● DIRECTIONS FOR THIS TASK
Return the entries below word for word; no images should appear in the copy.

● SOURCE DATA

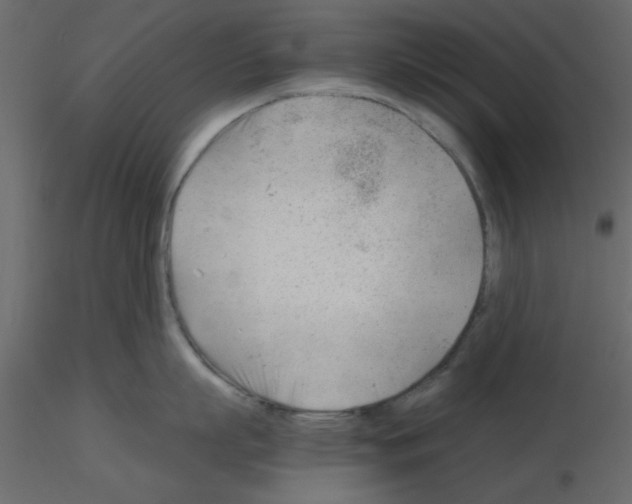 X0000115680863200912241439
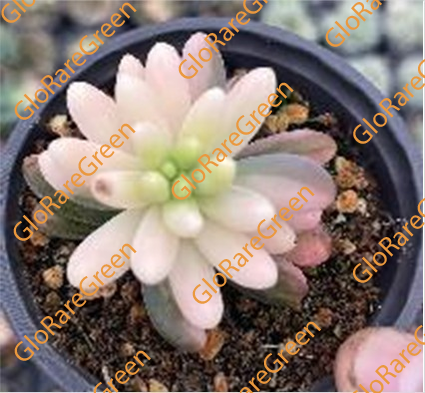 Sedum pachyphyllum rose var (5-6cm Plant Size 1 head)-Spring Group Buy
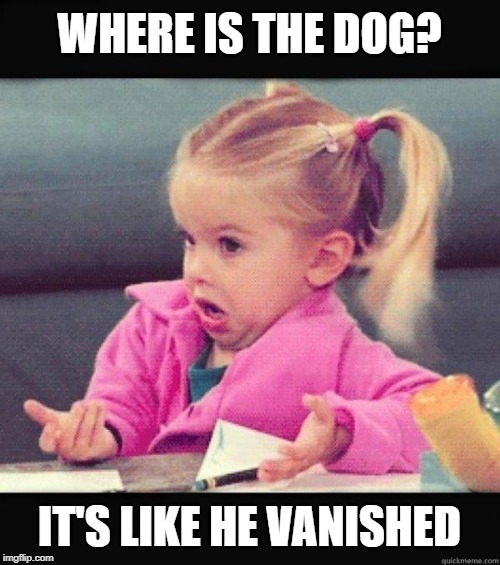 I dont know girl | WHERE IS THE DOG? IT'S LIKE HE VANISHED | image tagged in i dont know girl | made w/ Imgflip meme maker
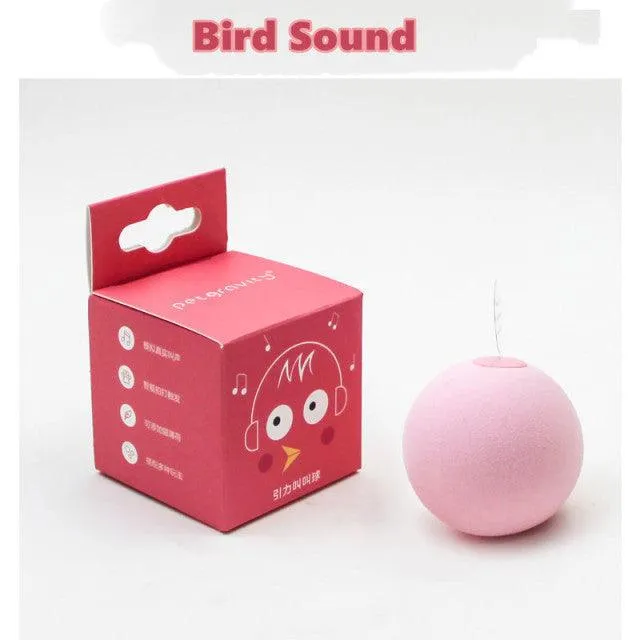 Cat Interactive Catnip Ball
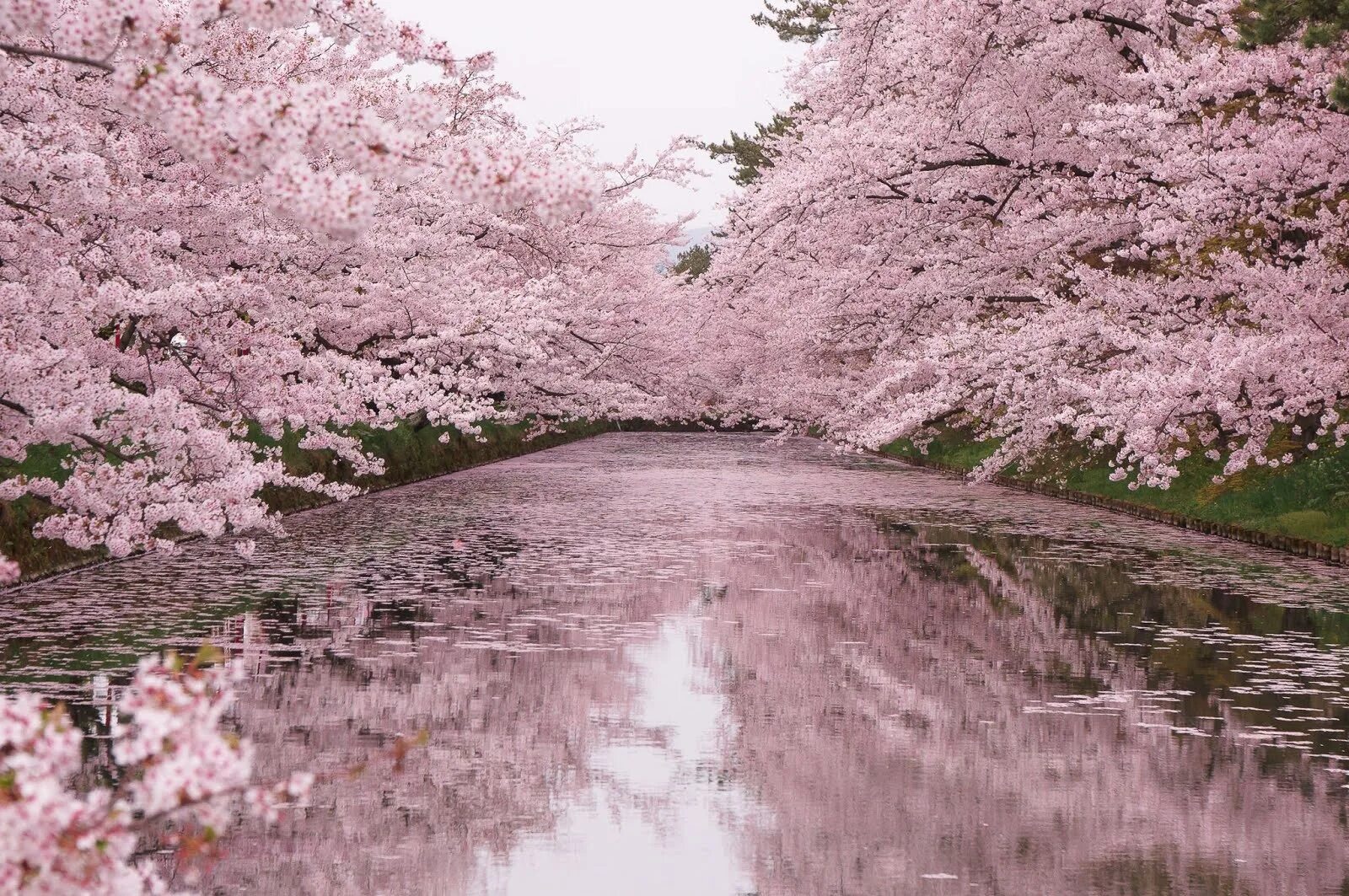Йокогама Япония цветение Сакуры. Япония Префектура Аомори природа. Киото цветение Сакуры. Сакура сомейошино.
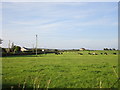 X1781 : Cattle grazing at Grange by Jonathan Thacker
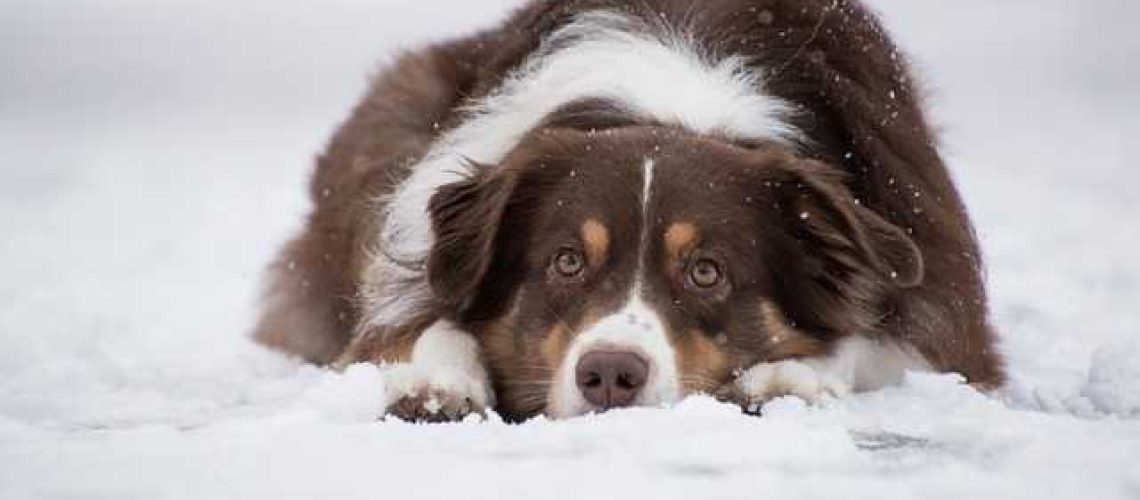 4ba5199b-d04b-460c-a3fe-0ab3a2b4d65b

● ANSWER FOR THIS EXERCISE
 X0000115680863200912241439
 Sedum pachyphyllum rose var (5-6cm Plant Size 1 head)-Spring Group Buy
 I dont know girl | WHERE IS THE DOG? IT'S LIKE HE VANISHED | image tagged in i dont know girl | made w/ Imgflip meme maker
 Cat Interactive Catnip Ball
Йокогама Япония цветение Сакуры. Япония Префектура Аомори природа. Киото цветение Сакуры. Сакура сомейошино.
 X1781 : Cattle grazing at Grange by Jonathan Thacker
 4ba5199b-d04b-460c-a3fe-0ab3a2b4d65b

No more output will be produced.